Oleh karenanya, Jaksa mengenakan pasal 263 ayat 1 KUHP Jonto Pasal 55 ayat 1 KUHP, terhadap Mashyuri, dengan ancaman maksimal enam tahun penjara.
Dalam pemalsuan surat tersebut Zaenal dinilai telah ikut serta mengketik surat palsu tersebut serta melakukan copy paste tanda tangan Panitera MK Zainal Arifin Hoesein dalam surat Nomor 112/PAN.MK/2009 tanggal 14 Agustus 2009 serta mengantarnya ke Komisioner KPU saat itu Andi Nurpati.

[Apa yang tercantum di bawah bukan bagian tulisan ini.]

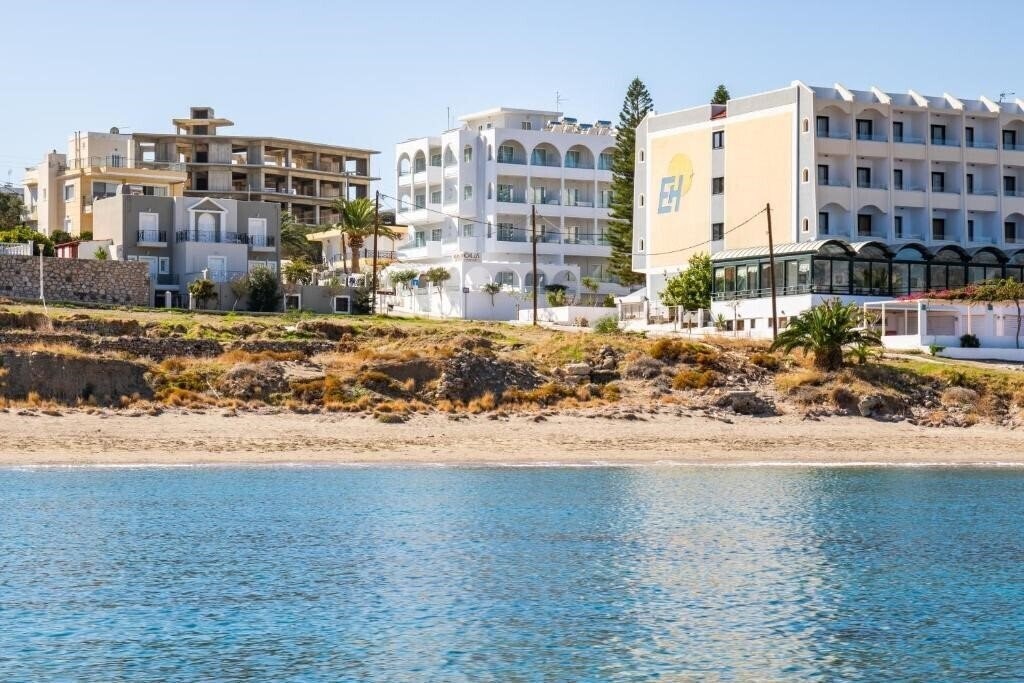 Отель Alos Suites 3*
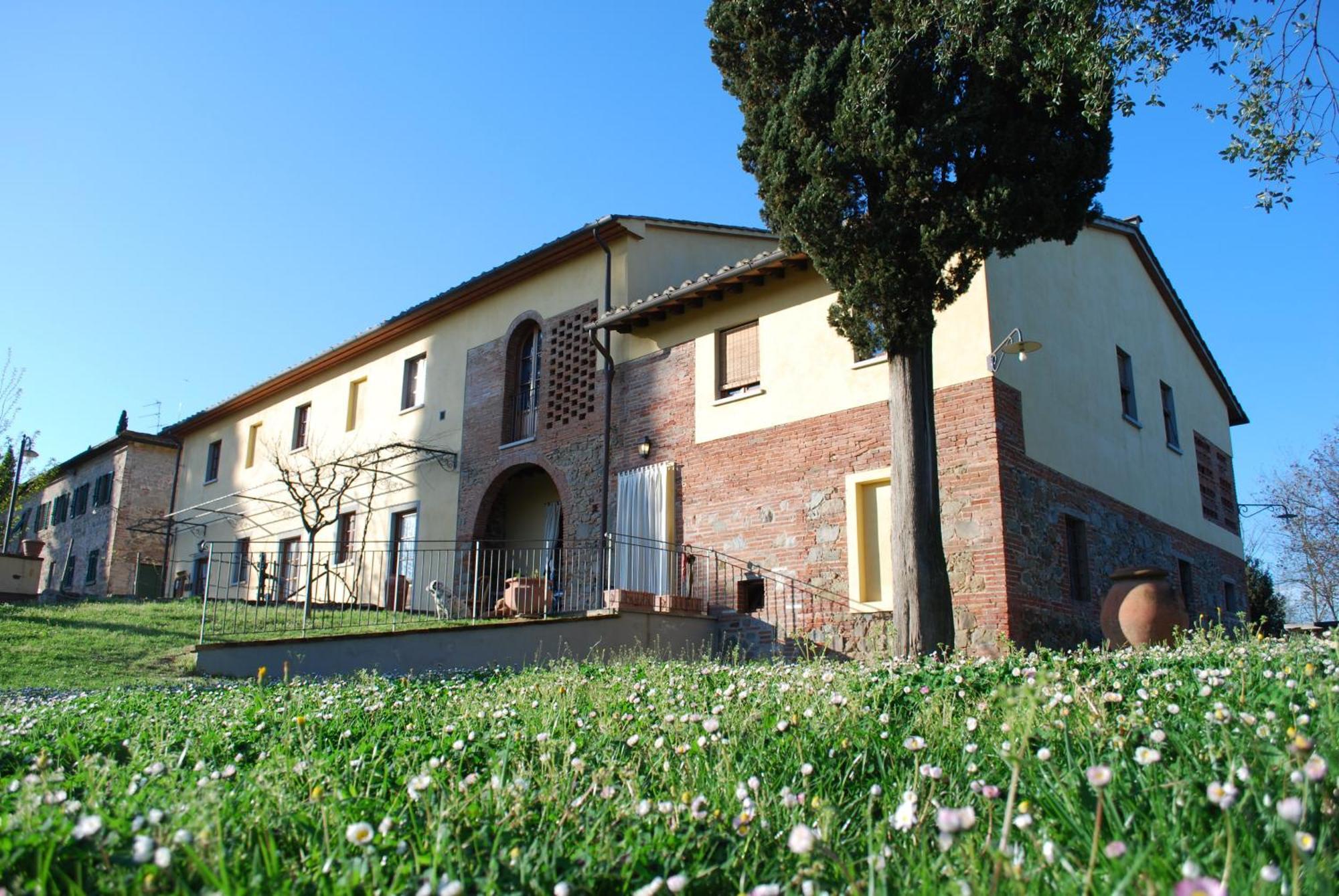 Agriturismo Fattoria Rozzalupi Cerreto Guidi Exterior photo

Oleh karena surat itu, dalam rapat Plenonya, KPU salah menetapkan Partai Hanura mendapatkan satu kursi untuk calon terpilih Dewi Yasin Limpo, di Dapil Sulsel 1, yang seharusnya diperoleh Mestaryani Habie, dari Partai Gerindra.
Jaksa menilai surat asli yang merupakan jawaban MK terhadap surat permohonan KPU adalah bernomor 112 tertanggal 17 Agustus 2009.